‘Don’t Invite the Theologians’

Is Tom Reese right about what ails the Church?
The liturgy should provide what the secular world cannot give (CNS photo/Rick Musacchio, Tennessee Register).

Tom Reese, SJ, the former editor of America, writes a column for Religion News Service that regularly appears in the National Catholic Reporter. He recently tackled the vexing, if well-worn, question of “Why Is the Church Failing in the West?” He made some shrewd observations but came to dubious conclusions.
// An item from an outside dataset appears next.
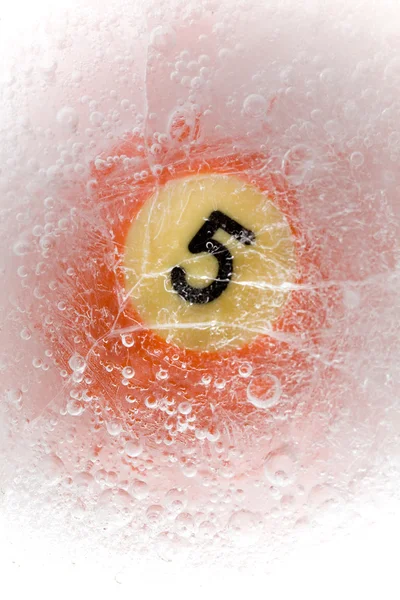 stock image Billiard ball frozen in ice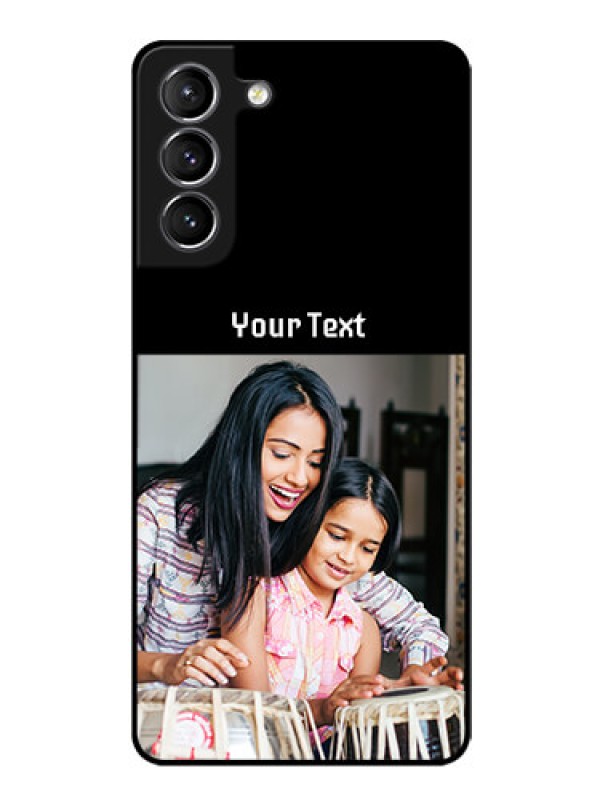 Custom Galaxy S21 Photo with Name on Glass Phone Case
Reese is a distinguished social scientist who has examined the institutional workings of the Church in his books Archbishop: Inside the Power Structure of the American Catholic Church and Inside the Vatican: The Politics and Organization of the Catholic Church. In his column, Reese rehearses the explanations offered by both conservatives and liberals for the Church’s current troubles. “The theories can be collected in two major baskets” he writes, “those that blame culture and those that blame the Church itself.” That dichotomy is familiar enough. Conservatives, especially those in the hierarchy, blame secularization, individualism, and consumerism. The urban, tribal, and cohesive Catholic communities of the last century have decamped to the deracinated suburbs. Nor are priests the most highly educated folks in the community anymore. Affluence and intermarriage undermine the old loyalties. Vatican II destroyed the notion of the Church as an unchanging “perfect society,” and opened the door to Catholic theologians taking public opposition to Church teaching. Or so conservatives often complain.
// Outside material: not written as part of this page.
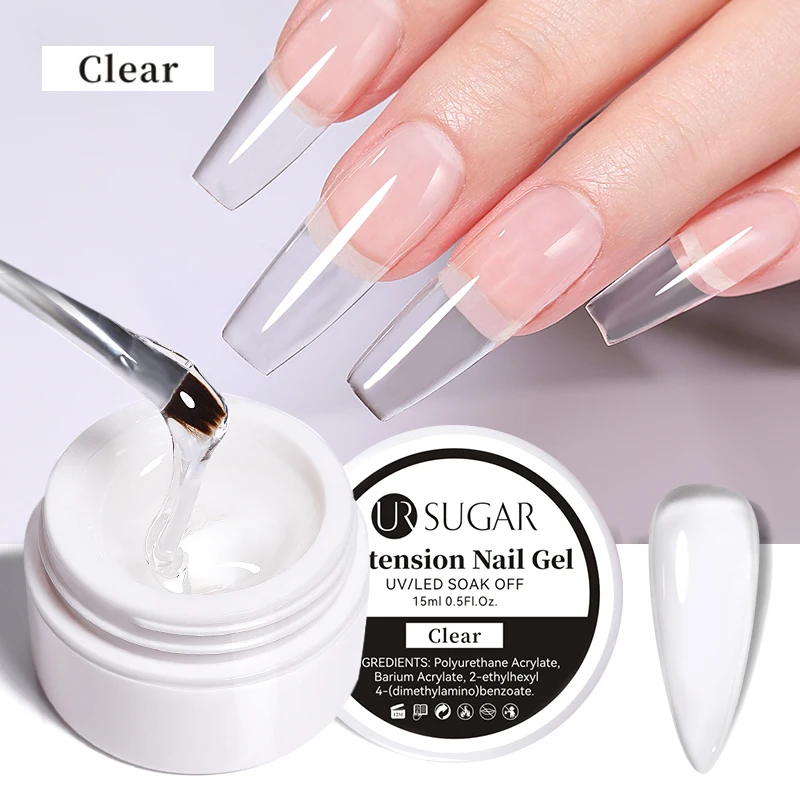 UR SUGAR 15 ml Verlängerung Nagel Gel Nagellack Nägel Fingerform Klar Nude Pink Nail Art Camouflage Hartgel Acryl Nagel Maniküre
Liberals, on the other hand, blame the Church’s problems on a calcified hierarchy. Fr. Andrew Greeley, another social scientist, thought the hierarchy lost the laity with Humanae vitae, Reese reminds us. Liberals think not allowing priests to marry and not softening the Church’s teachings on abortion and gay rights has alienated most Catholics, especially the young. Reese candidly admits that he tends to side with the liberal rather than the conservative critique. He concedes that there is a lot of truth in the conservative argument, “but blaming the culture is like blaming the weather. That is the world we live in: learn to deal with it.”

Reese then makes several curious arguments. He thinks that both theories about what has gone wrong have been created by “theologians who believe that ideas are what motivate humans.” As a social scientist, he begs to differ. “Experience often matters more,” he writes. But these dueling conservative and liberal interpretations of the Church’s decline are hardly confined to theologians; they have been taken up with a vengeance by a good many lay people. Nor do all, or perhaps even most, theologians think ideas alone are what motivate people. Bad experiences in church, at funerals or during confession, can of course push Catholics away, as Reese observes. But is it true that “more people are driven away from church by arrogant priests than by disagreements over theology”? I’ve attended many churches over the years, and I have rarely been confronted by arrogance from the pulpit. But I have also rarely encountered inspiration or exegetical excellence. Clerical mediocrity, not arrogance, is the more common problem.

The Church still hopes to transform the world, not merely deal with it.

Reese is probably right to say that more people flee the Church “through boredom than because of theology.” But in my opinion, he misjudges the source of that boredom. “If the preaching is dull, if the music does not move them, if they do not feel welcomed, then they are not going to come back,” he writes. “If the Mass is seen as something that the priest does, if the Scriptures are the domain of the clergy, if there is no sense of community, then why come?.... Catholicism must also be a lived experience that is relevant to the lives of the faithful.”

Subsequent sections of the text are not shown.